== ABOUT THIS EXERCISE ==
The required result is an exact copy of every line from the one with "Dynamo / Alternator" through the last line below, with the pictures left out.

[Short descriptive text snippets]
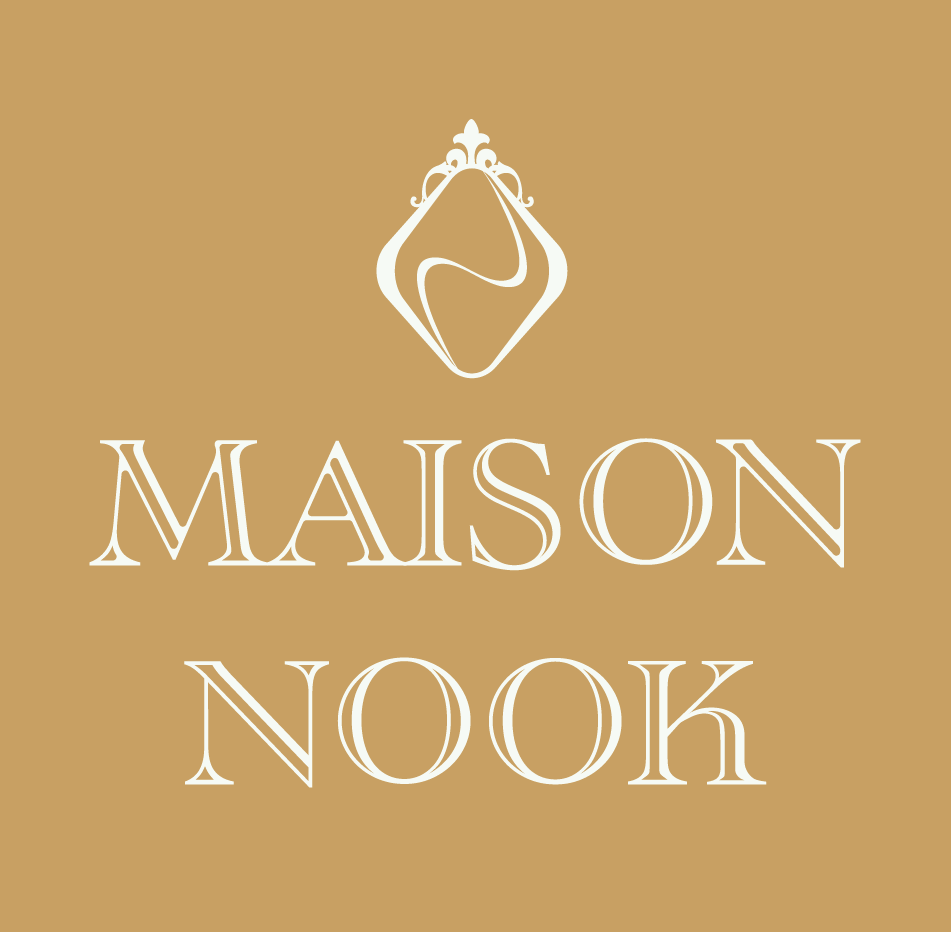 MAISON NOOK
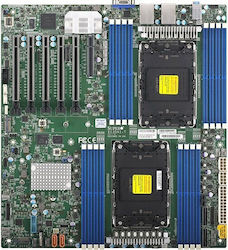 Sum MBD-X13DAI-T
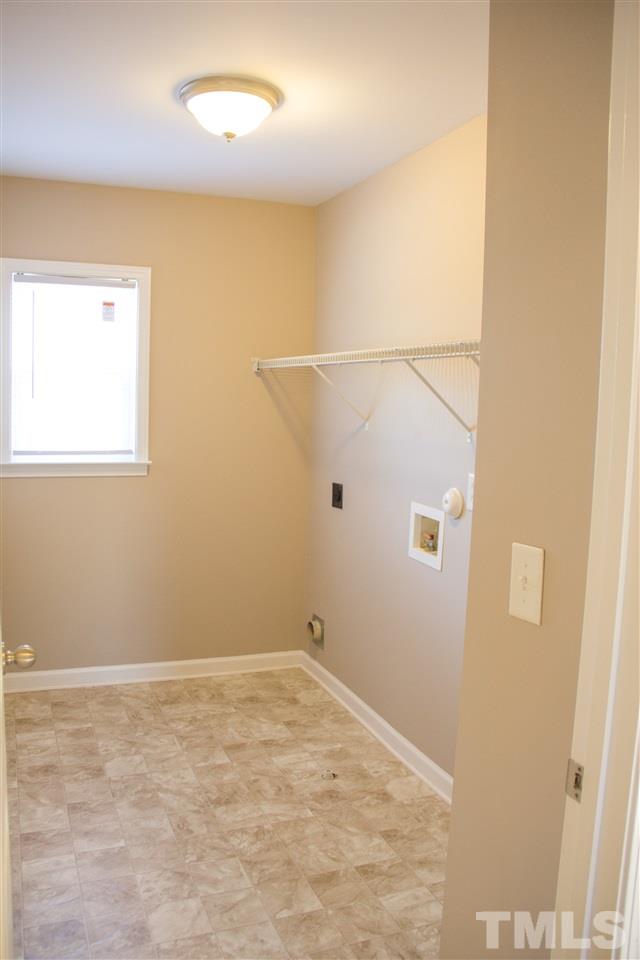 3726 Marshlane Way Raleigh, NC 27610 - Photo 14 of 19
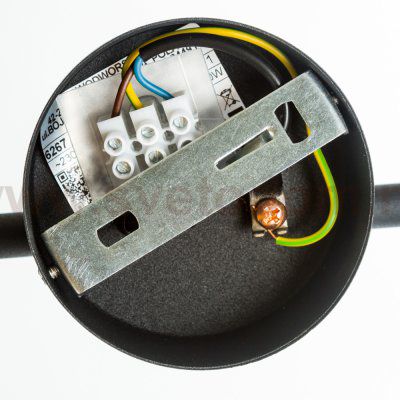 Бра Nowodvorski STICKS II 6267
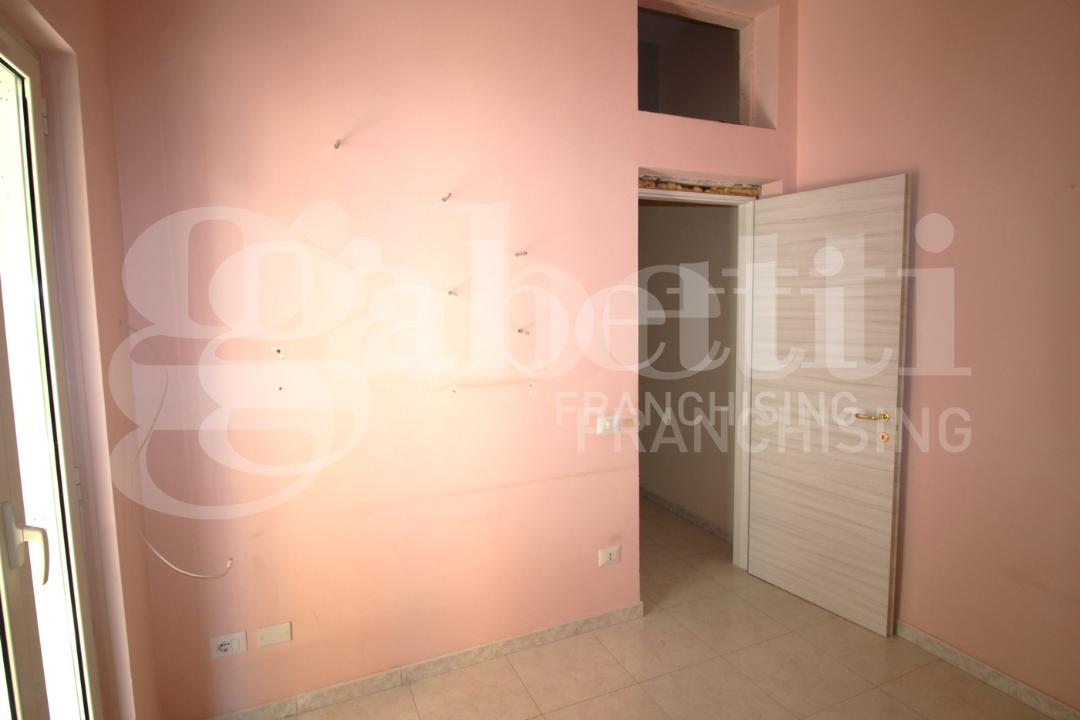 Appartamento - Image 20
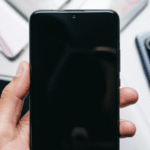 xiaomi dispositivos sem hyperos 3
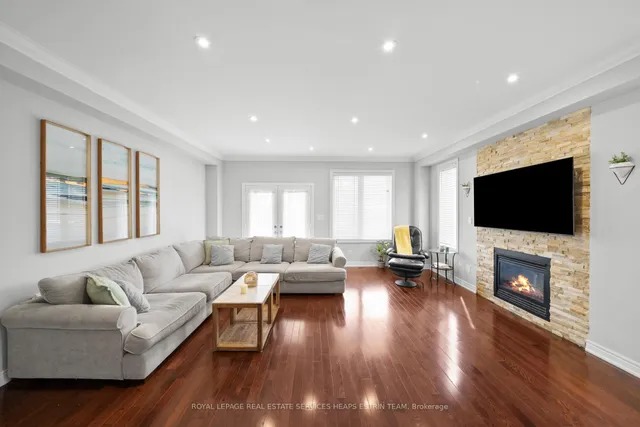 Additional image 12 of 15 Watt Ave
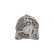 Dynamo / Alternator 443536 Valeo, Thumbnail 2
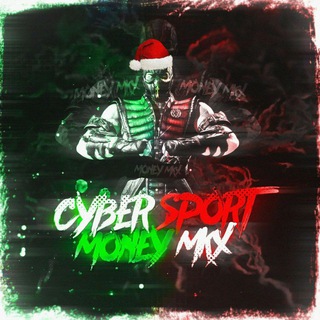 Логотип @terorblack - 1ХБЕТ.ПРОГНОЗЫ.СТАВКИ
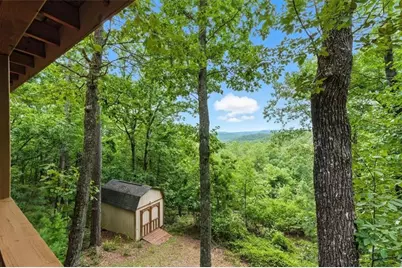538 Galaxy Way NE, Ranger, GA 30734 - Photo 42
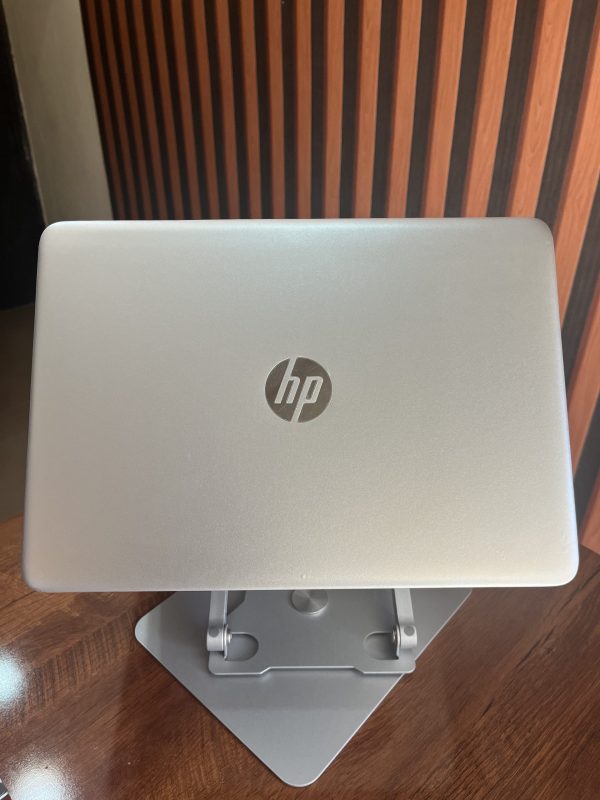 Hp 840 G3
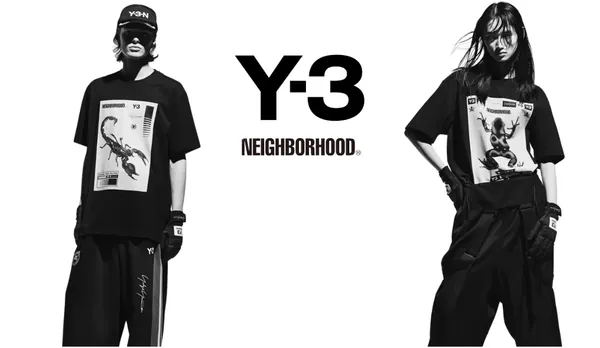 neighbordhood x y3 menu2 snkr.png
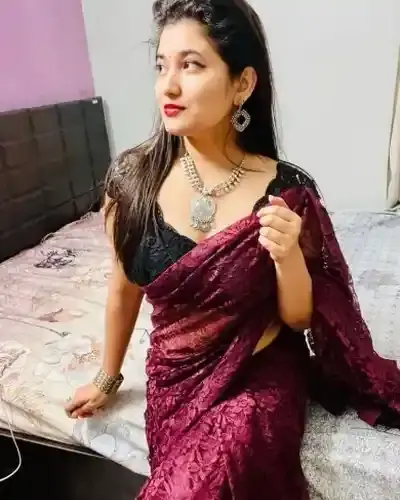 Zamania Call Girls Service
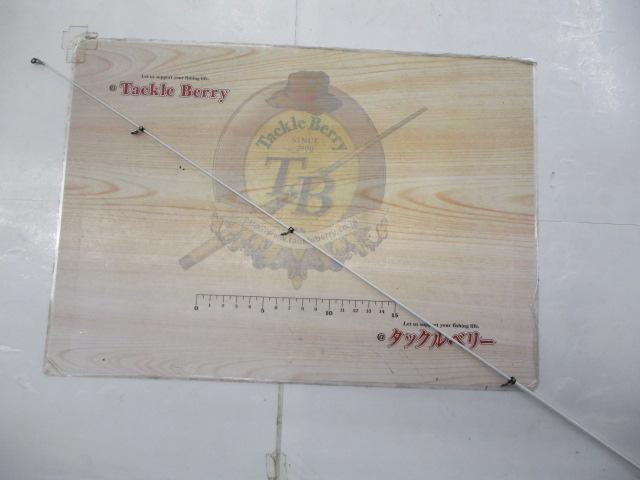 ﾃﾞｨｰｽﾏｰﾂ 664TUL-S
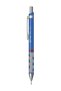 Tikky Versatil Pen Blue 0.5 mm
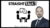 Free Interpersonal Feedback Tutorial – ‘Straight Talk’ – The Art of Influencing Behavioural Change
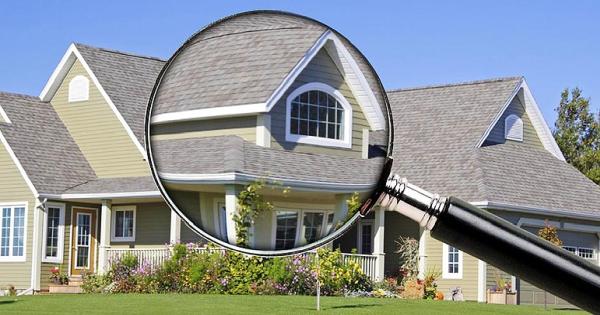 Key Property Inspection Group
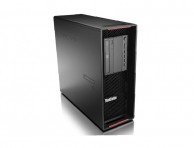 Lenovo ThinkStation P520 30BEA01AID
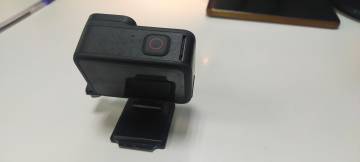 01-200278315: Gopro hero9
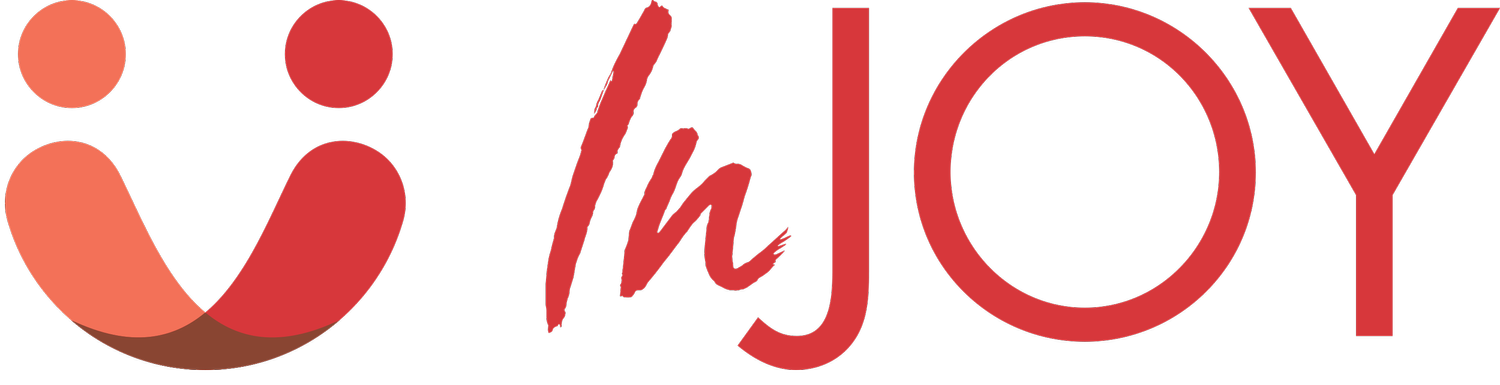 InJoy Workforce Solutions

== RESULT FOR THIS TASK ==
 Dynamo / Alternator 443536 Valeo, Thumbnail 2
 Логотип @terorblack - 1ХБЕТ.ПРОГНОЗЫ.СТАВКИ
538 Galaxy Way NE, Ranger, GA 30734 - Photo 42
 Hp 840 G3
 neighbordhood x y3 menu2 snkr.png
 Zamania Call Girls Service
 ﾃﾞｨｰｽﾏｰﾂ 664TUL-S
 Tikky Versatil Pen Blue 0.5 mm
 Free Interpersonal Feedback Tutorial – ‘Straight Talk’ – The Art of Influencing Behavioural Change
 Key Property Inspection Group
 Lenovo ThinkStation P520 30BEA01AID
 01-200278315: Gopro hero9
 InJoy Workforce Solutions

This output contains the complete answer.